Şah vezirin sözlerinden rahatsız olmuş: “Ne söyleyeceksin bakalım?”

“Ey haşmetli hükümdarım! Eskilerin de dediği gibi: ‘Sonu olmayanın dostu da olmaz.’ Son zamanlarda sizi doğru olmaktan uzak şeyler yaparken görüyorum. Düşmanına büyük hediyeler verip savurganlık yapmak gibi ki bu adamın amacı şahlığınızı mahvetmek. Siz ise bu adama iyilik ediyor, onu onurlandırıyor ve yakınınızda tutuyorsunuz. Bu sebepten şahın hayatı için endişe ediyorum.”

Rahatsız olan ve benzi atan şah sormuş: “Kimden bahsediyorsun?”

Vezir cevaplamış: “Ah şahım! Uyanın artık. Bilge Duban’dan bahsediyorum.”

Şah: “Yazıklar olsun sana! O bana herkesten daha çok faydası dokunmuş gerçek bir dost çünkü beni büyük bir sıkıntıdan kurtardı. Bütün hekimleri aciz bırakan hastalığıma şifa oldu. Gerçek şu ki bugünlerde onun gibisini bulmak zor. Dünyanın herhangi bir yerinde, doğunun en doğusunda ya da batının en batısında onun gibisine rastlamak imkânsız. Sen ise onun hakkında böyle kötü şeyler söyleyebiliyorsun. Bugünden itibaren ona maaş bağladım. Ona her ay bin altın vereceğim ve onunla şahlığımın zenginliklerini paylaşacağım ki bunlar bile onun bana yaptığı iyiliğin karşısında bir hiç kalır. Sinbad’ın hikâyesinde olduğu gibi kıskançlıkla dolu sözler sarf ettiğin için belki de senden şüphe etmeliyim.” demiş.
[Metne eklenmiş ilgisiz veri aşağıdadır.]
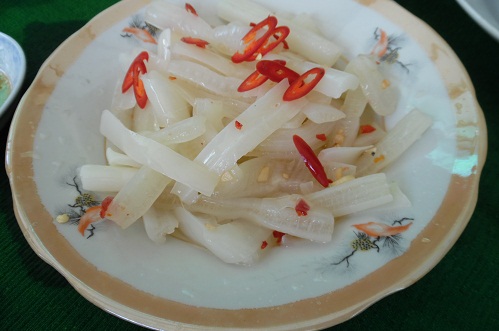 dua cay chuoi hot va nuoc mam dong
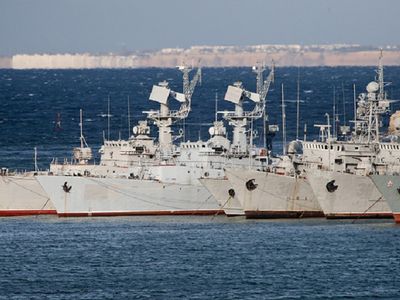 Украина отклонила предложение России о возвращении техники из Крыма - В Мире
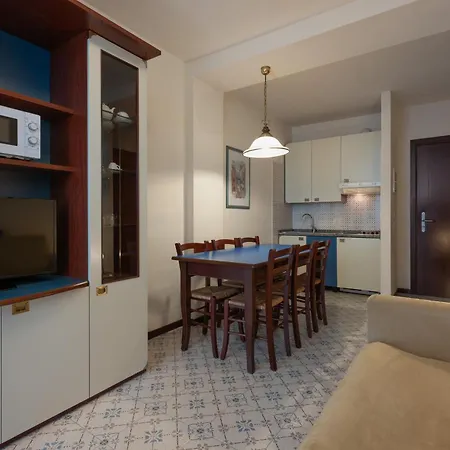 Aparthotel Holiday-3
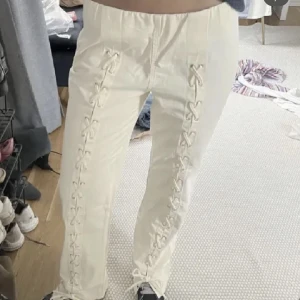 Jeans med snörning Other stories - Jeans från Other Stories med snörning. Eftertraktade och slutsålda. Säljer för 500kr och de är i storlek 32💓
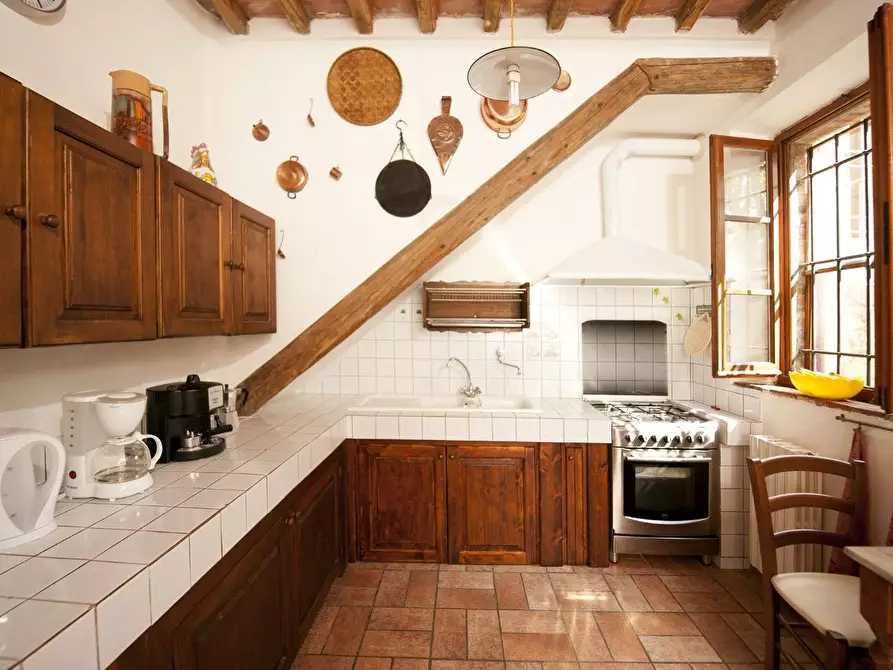 Immagine 36 di Casa colonica in vendita  a Rapolano Terme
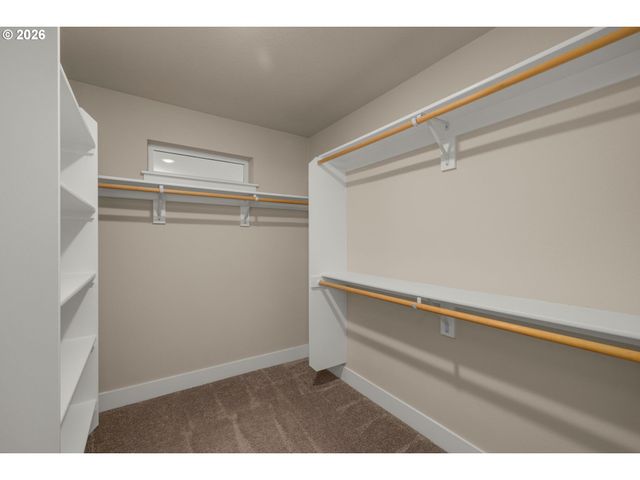 12760 Se GATEWAY Dr, Happy Valley, OR 97086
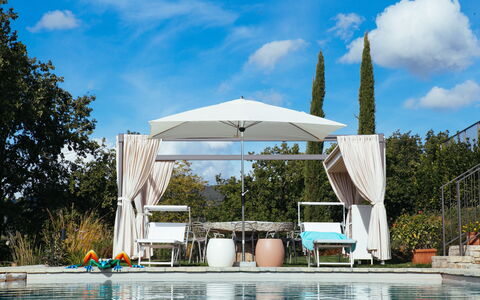 Villa Castiglioni: Acqua, Nube, Cielo, Pianta, Costruzione, Ombrello, Shade, Albero, Mobili Da Esterno, Piscina
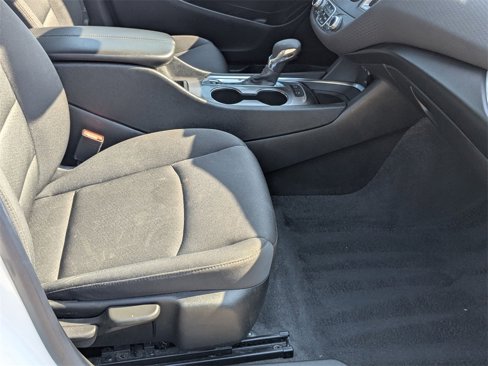 Used 2024 Chevrolet Malibu LT image 31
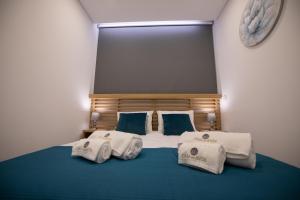 een slaapkamer met een bed met handdoeken erop bij Casa dos Avós- Douro in Peso da Régua
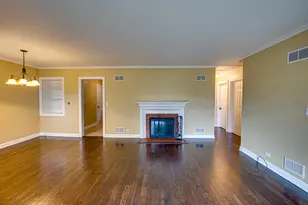 706 Michigan St, Wheaton, IL 60187 - Photo 8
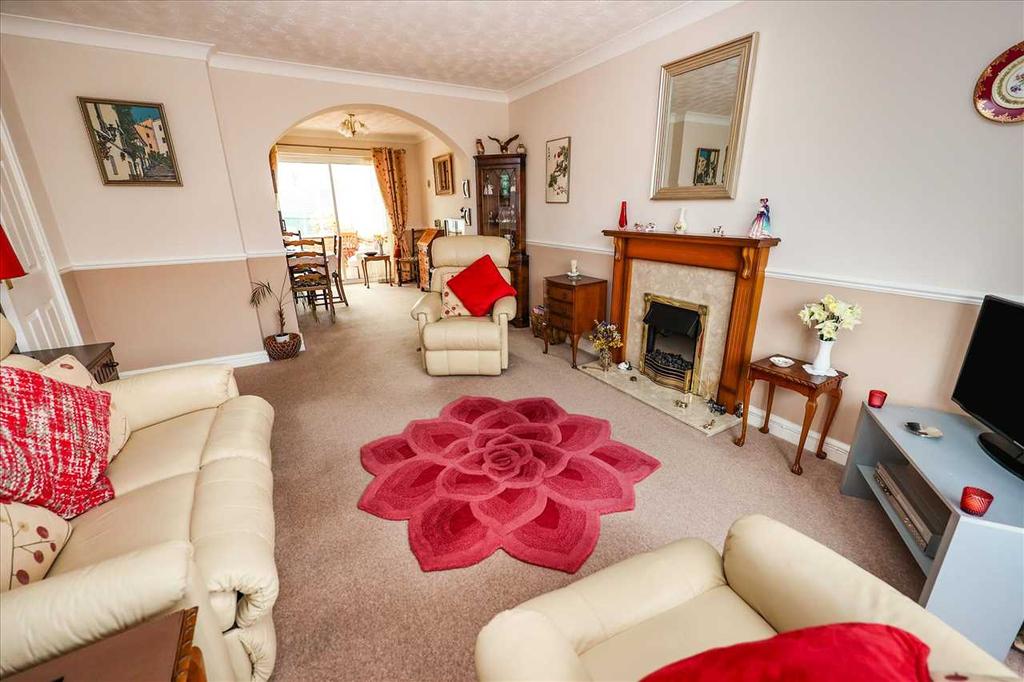 Willow Road, Branston, Lincoln 3 bed detached bungalow £325,000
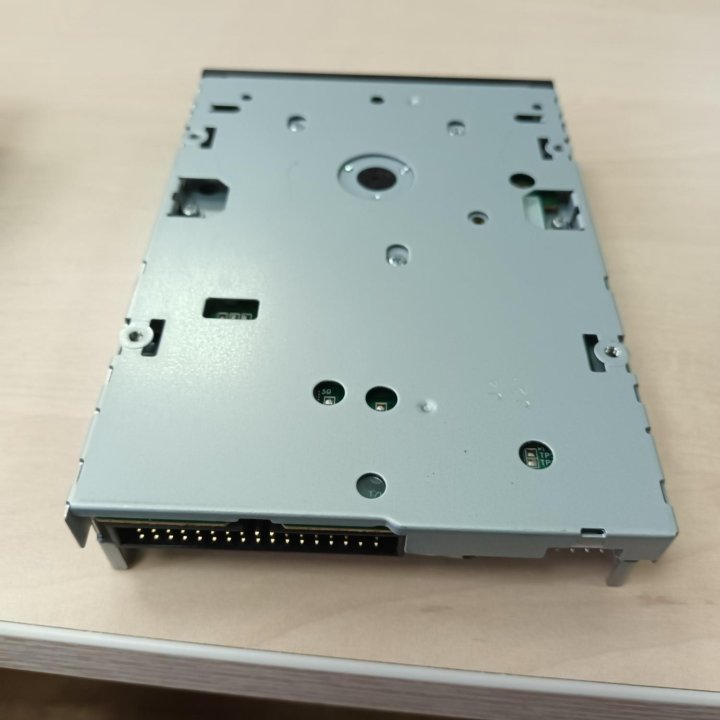 Floopy дисковод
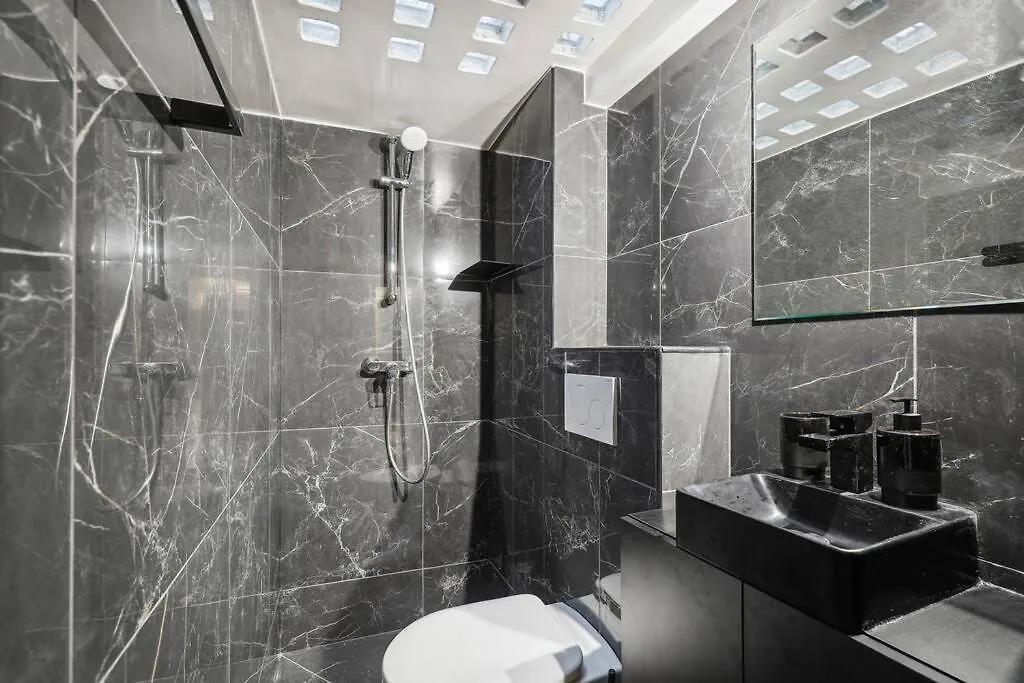 Duplex Parisien Pres Du Louvre Paris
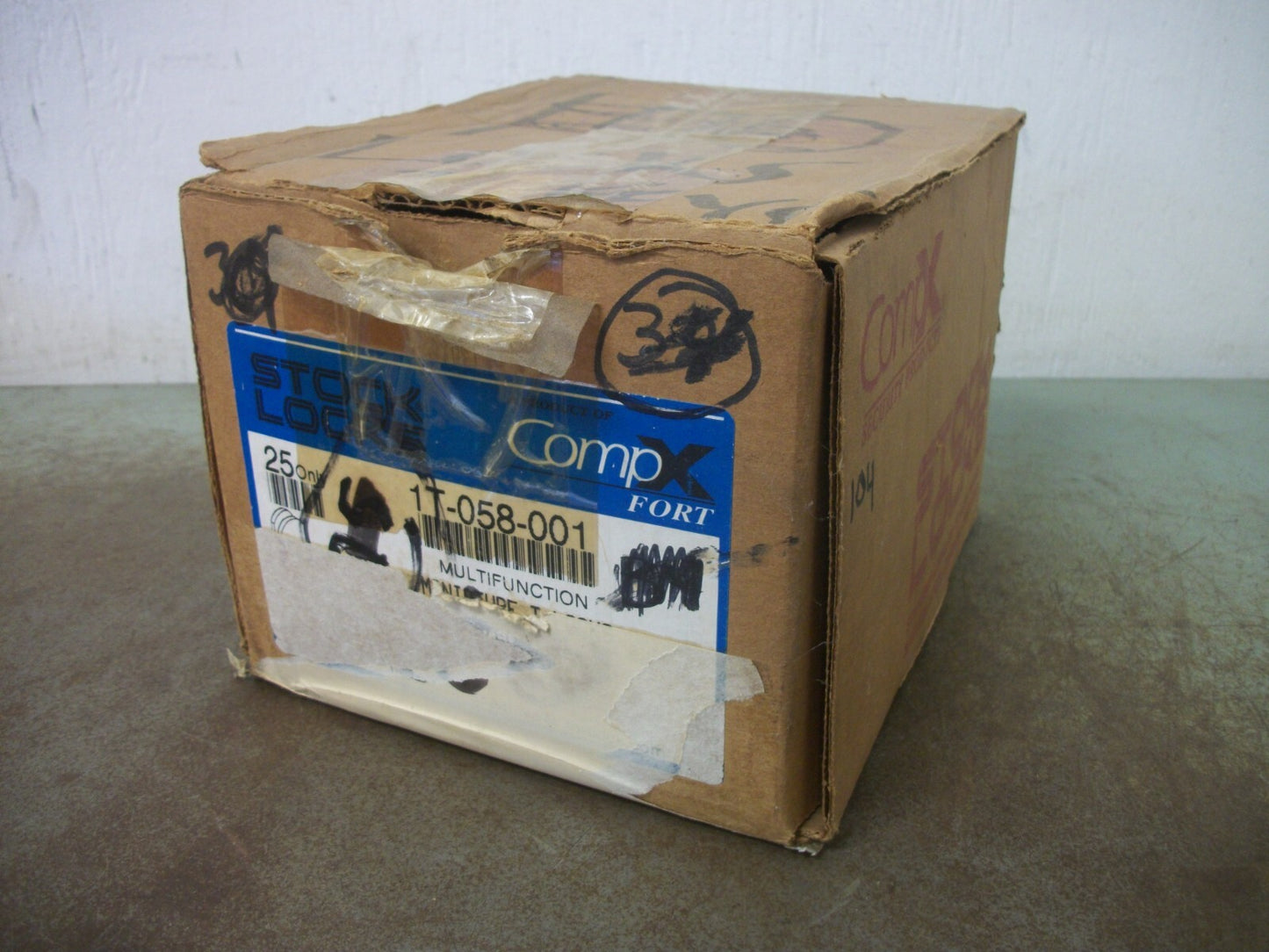 COMPX FORT LOT OF 10 MINI 'T' CAM LOCKS FOR GLASS & PLASTIC DOORS 1T-058-001 NEW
Şah Yunnan, şöyle devam etmiş: “Ah vezir! Hekime olan kıskançlığından gözünü kan bürümüş. Bana onu öldürmemi ima ediyorsun. Fakat bu beni çok pişman eder. Tıpkı şahinini öldüren Şah Sinbad’ın pişman olması gibi…”

Vezir: “Bağışlayın beni yüce şahım, bahsettiğiniz olay nasıl olmuş?” diye sormuş.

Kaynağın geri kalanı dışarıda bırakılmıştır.